The Sage Grouse is the largest member of the Galliformes, the chicken-like birds of North America. The Sage Grouse is beautifully adapted to the sage brush habitat of the desert west. In that habitat, it flourishes. A few decades ago, it numbered in the millions; today, by some estimates, the population is down to as few as 200,000 birds. There has been a 98% population decline since 1988. We are in grave danger of losing an iconic species of the west.
The male Sage Grouse assemble for courtship rites in large groups called leks. Their drumming calls and dances are simply astonishing.
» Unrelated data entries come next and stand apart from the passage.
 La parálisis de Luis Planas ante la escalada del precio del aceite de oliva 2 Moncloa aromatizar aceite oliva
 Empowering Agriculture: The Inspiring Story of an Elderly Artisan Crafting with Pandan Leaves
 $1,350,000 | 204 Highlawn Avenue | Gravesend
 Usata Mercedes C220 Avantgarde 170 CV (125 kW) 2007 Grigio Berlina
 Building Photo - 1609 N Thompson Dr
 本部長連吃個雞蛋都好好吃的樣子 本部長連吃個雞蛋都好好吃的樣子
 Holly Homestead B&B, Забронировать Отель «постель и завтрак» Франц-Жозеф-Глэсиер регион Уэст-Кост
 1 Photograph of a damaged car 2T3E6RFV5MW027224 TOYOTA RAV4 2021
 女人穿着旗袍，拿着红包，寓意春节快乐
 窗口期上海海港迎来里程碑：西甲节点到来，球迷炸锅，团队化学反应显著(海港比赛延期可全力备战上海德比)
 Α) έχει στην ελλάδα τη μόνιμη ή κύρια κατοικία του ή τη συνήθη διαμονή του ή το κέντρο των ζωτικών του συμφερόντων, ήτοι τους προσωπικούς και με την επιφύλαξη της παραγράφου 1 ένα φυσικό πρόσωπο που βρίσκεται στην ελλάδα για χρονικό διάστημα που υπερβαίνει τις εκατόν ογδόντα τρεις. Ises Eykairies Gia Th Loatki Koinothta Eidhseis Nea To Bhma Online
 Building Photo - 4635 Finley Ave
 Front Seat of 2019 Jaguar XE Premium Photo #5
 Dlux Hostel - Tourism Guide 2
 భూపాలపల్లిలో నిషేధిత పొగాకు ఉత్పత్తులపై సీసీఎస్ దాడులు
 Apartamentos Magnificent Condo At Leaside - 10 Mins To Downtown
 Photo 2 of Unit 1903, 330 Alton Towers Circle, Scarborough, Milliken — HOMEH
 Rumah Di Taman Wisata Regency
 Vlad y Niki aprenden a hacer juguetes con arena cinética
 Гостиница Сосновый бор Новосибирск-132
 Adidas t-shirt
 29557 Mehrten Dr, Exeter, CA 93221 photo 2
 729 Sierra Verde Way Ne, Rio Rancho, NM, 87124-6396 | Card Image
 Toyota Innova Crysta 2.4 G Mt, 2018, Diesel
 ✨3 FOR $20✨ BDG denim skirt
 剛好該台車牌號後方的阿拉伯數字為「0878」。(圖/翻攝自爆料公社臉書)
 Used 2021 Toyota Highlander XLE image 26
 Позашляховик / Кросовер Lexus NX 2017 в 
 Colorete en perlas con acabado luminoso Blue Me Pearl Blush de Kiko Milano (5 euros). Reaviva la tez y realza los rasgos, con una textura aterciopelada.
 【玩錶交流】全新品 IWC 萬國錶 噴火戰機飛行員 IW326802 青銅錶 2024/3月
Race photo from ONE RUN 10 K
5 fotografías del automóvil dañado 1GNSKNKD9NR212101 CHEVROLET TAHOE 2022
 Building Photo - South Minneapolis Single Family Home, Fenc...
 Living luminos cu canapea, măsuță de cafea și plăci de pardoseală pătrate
But the birds are vanishing with the sage brush habitat upon which they depend. A vast number of human factors are destroying the sage brush. Grazing and over-grazing, farming, mining, drought, invasive species and wild fire – all anthropogenic – are eliminating the habitat upon which the Sage Grouse depends. As a result, the Sage Grouse has been extirpated from British Columbia, Kansas, Nebraska, Oklahoma, Arizona and New Mexico.
Much of private and public land in the West is leased or used for grazing. Cattle unavoidably alter the landscape; after all, they eat it, defecate on it and their hooves trample the desert floor. Cattle don’t prefer sage brush, and too much of it will make them sick, but when preferred grasses are gone, cattle will consume the sage brush. BLM, which leases much of the grazing land, is tasked with making certain that doesn’t happen, but the desert is vast the BLM’s resources comparatively limited. So that kind of overgrazing occurs, and the Sage Grouse loses.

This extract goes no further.